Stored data
==============================

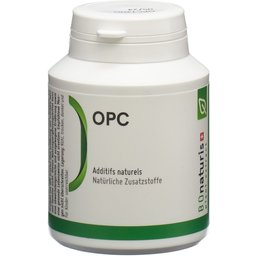 OPC de Pépins de Raisins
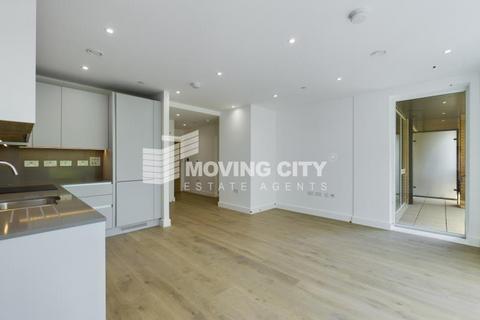 1 bedroom apartment for sale, Third Avenue, London W10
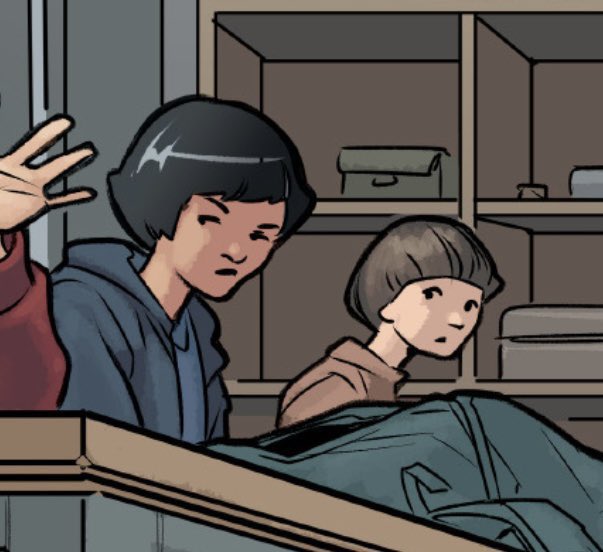 byersbff's tweet photo. this is so so cute https://t.co/QDailpGWXJ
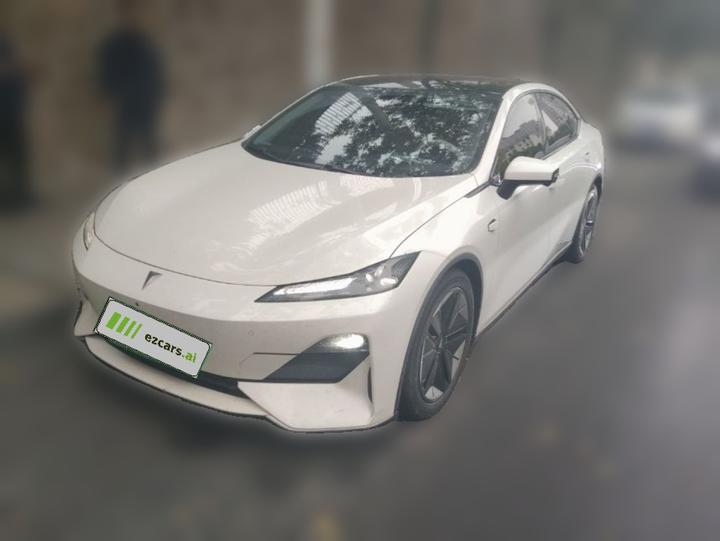 Deepal SL03 2022 515 EV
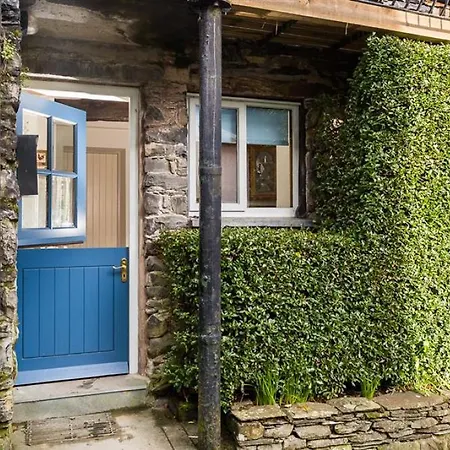 Fellfoot Windermere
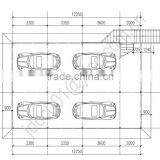 House Kit Prefab House 3 Bedrooms thumbnail-5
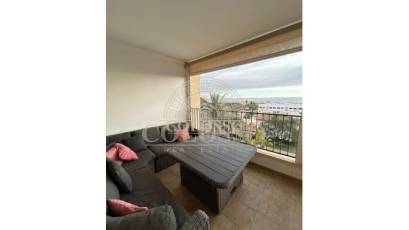 Alquiler - Apartamento / piso -
Guardamar del Segura - Urbanizaciones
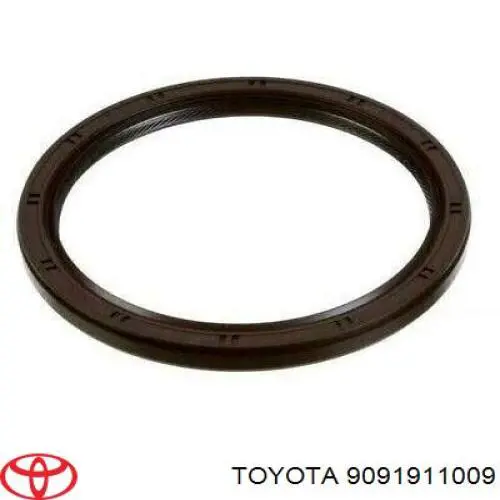 Купити 9091911009 Toyota Накінечник свічки запалювання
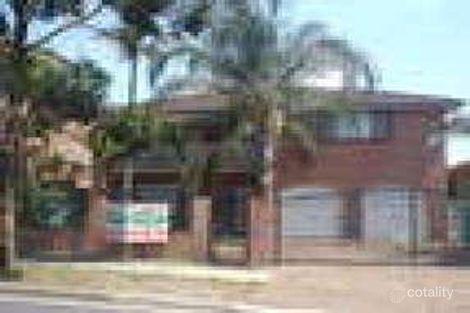 Property photo of 56 Allambie Road Edensor Park NSW 2176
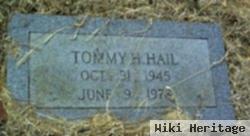 Tommy H. Hail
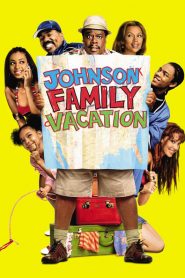 Les Vacances de la famille Johnson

==============================

▶ **Required work**
With the images left out, set down each record exactly as it appears.

▶ **Result of the task**
 OPC de Pépins de Raisins
 1 bedroom apartment for sale, Third Avenue, London W10
 byersbff's tweet photo. this is so so cute https://t.co/QDailpGWXJ
 Deepal SL03 2022 515 EV
 Fellfoot Windermere
 House Kit Prefab House 3 Bedrooms thumbnail-5
 Alquiler - Apartamento / piso -
Guardamar del Segura - Urbanizaciones
 Купити 9091911009 Toyota Накінечник свічки запалювання
 Property photo of 56 Allambie Road Edensor Park NSW 2176
 Tommy H. Hail
 Les Vacances de la famille Johnson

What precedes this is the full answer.